If we pause to look beneath the surface of a few of Francis’ most celebrated moments, his challenge is clear.

When he embraced the young man with severe disabilities, he was calling on the world to change its approach to how we value human life by putting the most vulnerable at the center. To do so, each of us needs to become more vulnerable ourselves. That’s not easy or comfortable.

When he washed the feet of a Muslim convict, he was calling on the world to end the scourge of discrimination. To do so, each of us needs to face our own prejudices, be they ethnic, social or personal — and most prejudices are deeper than many of us care to admit.

When he invited the homeless to his home for his birthday, Francis was calling on the world to end the gulf that separates those who have from those who have almost nothing. To do so, the guest list at almost every party in Washington would have to change. Those who have no need for power over others should have an urgent longing to welcome those who are victims of power. Most of us have a lot of work to do to achieve that level of solidarity.
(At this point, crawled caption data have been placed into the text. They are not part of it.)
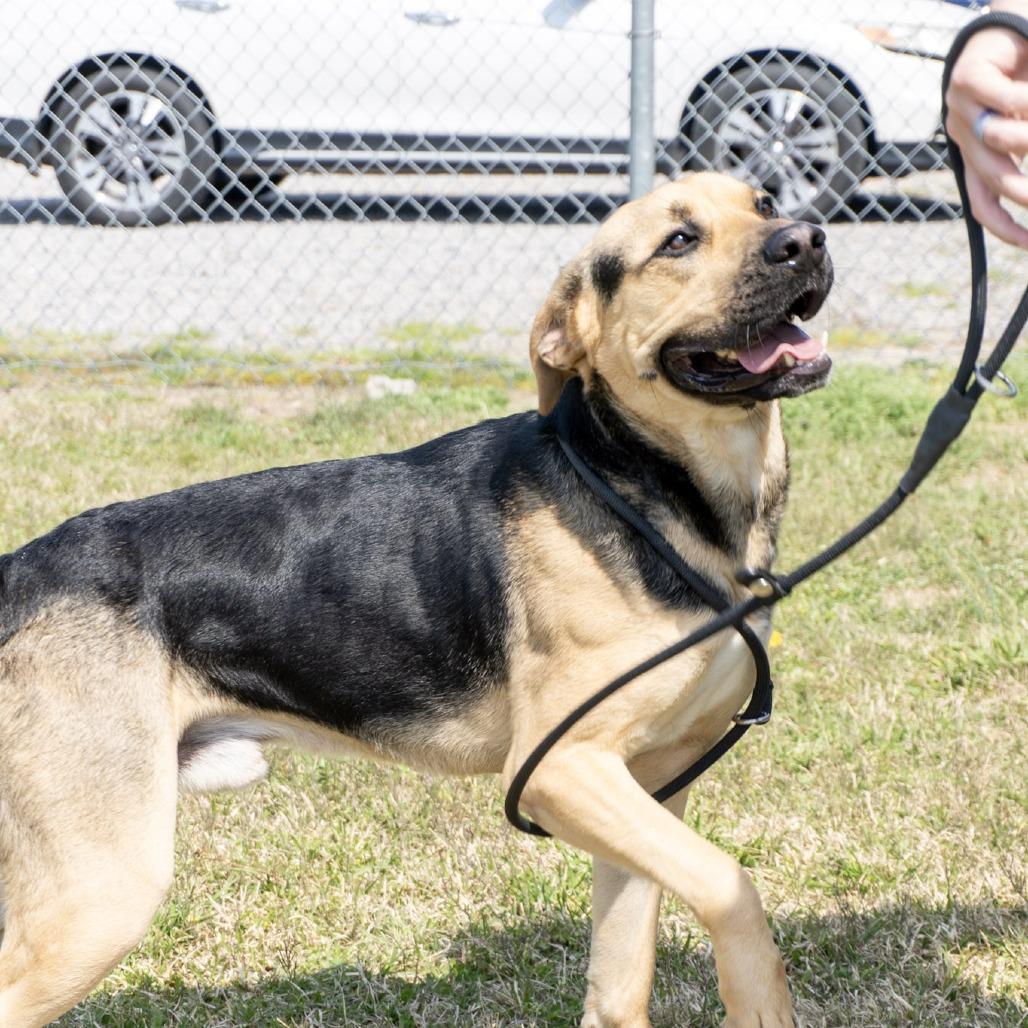 Enlarge Max, a Adoptable mixed breed in Elizabeth City, NC image 3/6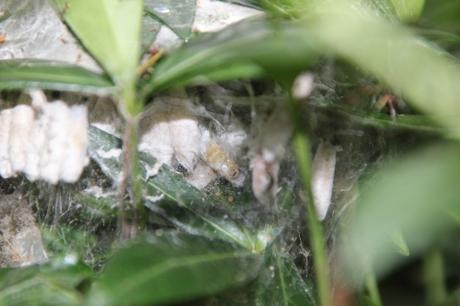 2 yponomeute veneux 24 juin 2016 019.jpg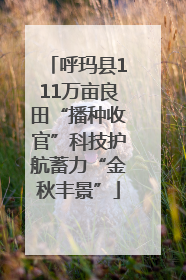 呼玛县111万亩良田“播种收官”科技护航蓄力“金秋丰景”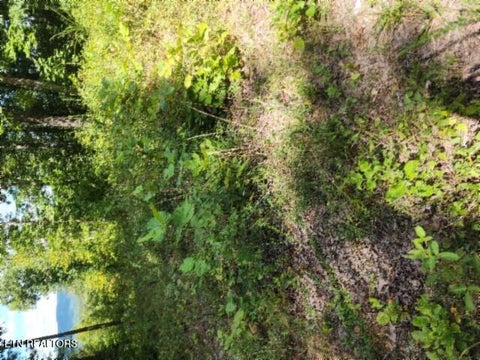 Tiny photo for 73 Tomahawk Rd, Jamestown, TN 38556 (MLS # 1356022)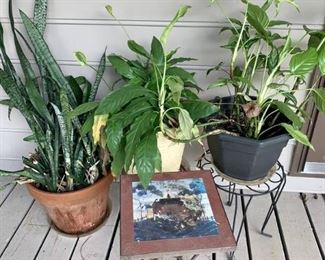 3 Planters and Plant Stands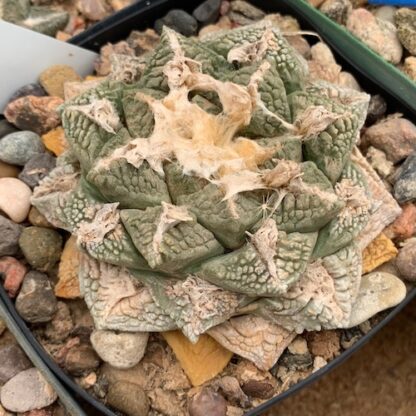 Ariocarpus fissuratus cactus shown in pot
The initial praise for Francis may not endure. Prophets often enjoy popularity until people hear the full depth of their challenge. People on the political right are already distrustful because the pope, like many mystics, seems to be abandoning certainty and trusting in the spirit that “blows where it will.” Order and control are at risk. The layers of conformity are being peeled away and what might emerge is uncertain.

But the left should be equally nervous because the spirit also invites a firm faith in the divine. It is not elitist. It is not arrogant. It does not come with doctorates in policy and economics and the sciences. It dethrones every kind of power. Its only principle is life—the more vulnerable the more beautiful. It only makes sense with an embrace of faith.

It is that faith in the goodness of God and that freedom in the spirit that are at the heart of Francis’ example—the man of God who embraces those with disabilities, those with no home, those who are strangers among us. Beware, lest we miss the full challenge to each of us of a faith like his.